Checking date: 15/07/2023


Course: 2023/2024

Data Programming
(19138)
Master in Computational Social Science (Plan: 472 - Estudio: 375)
EPC


Coordinating teacher: UCAR MARQUES, IÑAKI

Department assigned to the subject: Statistics Department

Type: Compulsory
ECTS Credits: 6.0 ECTS

Course:
Semester:




Requirements (Subjects that are assumed to be known)
Introduction to Programming with R (19151)
Objectives
- Knowledge of data programming structures and procedures. - Ability to import tabular data in a variety of formats with the R programming language. - Ability to work with remote databases. - Ability to prepare, clean, transform and enrich tabular data for further modeling and visualization with R and SQL programming languages.
Skills and learning outcomes
Description of contents: programme
1. R base programming 1.1. Introduction to R ecosystem 1.2. Introduction to RStudio. Working with projects 1.3. Basic data types 1.4. First uses of functions and packages. Basic operations 1.5. Understanding errors 2. From cell to dataset 2.1. Concatenate values: vectors (variables) 2.2. Basic operations with vectors 2.3. Loops vs. vectorial programming. Control flow estructures 2.4. First databases: matrices and data.frames 2.5. Tibbles as standard type for databases. Datapasta package 3. Tidy data 3.1. R base vs. tidyverse. Pipe operator 3.2. Principles of tidy data: tidy vs. messy data 3.3. Pivoting datasets 4. RMarkdown and quarto: report results 5. Tidyverse 5.1. Operations by rows. Cleaning data: NA values and duplicates 5.2. Operations by columns 5.3. Aggregating and recategorizing variables 5.4. Group variables: group_by and .by 5.5. Summaries 5.6. Joining datasets 5.7. Import/export from/to different formats 5.8. Use of APIs 6. Advanced data types 6.1. Categorical variables: forcats package 6.2. Handling characters: stringr package 6.3. Handling dates: lubridate package 6.4. Handling lists: purrr package.
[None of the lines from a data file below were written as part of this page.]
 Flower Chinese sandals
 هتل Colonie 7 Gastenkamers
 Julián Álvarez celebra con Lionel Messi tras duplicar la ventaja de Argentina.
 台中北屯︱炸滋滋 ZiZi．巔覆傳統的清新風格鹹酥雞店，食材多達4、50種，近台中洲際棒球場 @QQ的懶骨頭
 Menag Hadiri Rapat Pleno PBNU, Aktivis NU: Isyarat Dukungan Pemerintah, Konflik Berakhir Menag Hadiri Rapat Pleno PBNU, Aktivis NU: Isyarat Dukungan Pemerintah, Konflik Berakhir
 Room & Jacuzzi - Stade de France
Functional programming 7. Advanced data management 7.1. dbplyr package: from tidyverse to SQL 7.2. arrow package: handling massive databases 8. SQL programming 8.1. Introduction to relational databases 8.2. Data handling and querying 8.3. Complex queries, aggregations and subqueries 8.4. Joining tables
Learning activities and methodology
Training Activities: - Theoretical-practical classes - Tutorials - Group work - Individual student work Teaching Methods: - Presentations in the professor's lecture room with computer and audiovisual support, in which the main concepts of the subject are developed and a bibliography is provided to complement the students' learning. - Resolution of practical cases, problems, etc. raised by the professor, either individually or in a group. - Presentation and discussion in class, under the moderation of the professor, of topics related to the content of the subject, as well as practical case studies. - Developing pieces of work and reports, individually or in group.
Assessment System
  • % end-of-term-examination 0
  • % of continuous assessment (assigments, laboratory, practicals...) 100

Basic Bibliography
  • Hadley Wickham. R for Data Science. O¿Reilly. 2017
Additional Bibliography
  • Chester Ismay and Albert Y. Kim. Statistical Inference via Data Science: a Modern Dive into R and the tidyverse. Chapman & Hall. 2022
  • Steph Locke. Data Manipulation in R. Locke Data. 2017

The course syllabus may change due academic events or other reasons.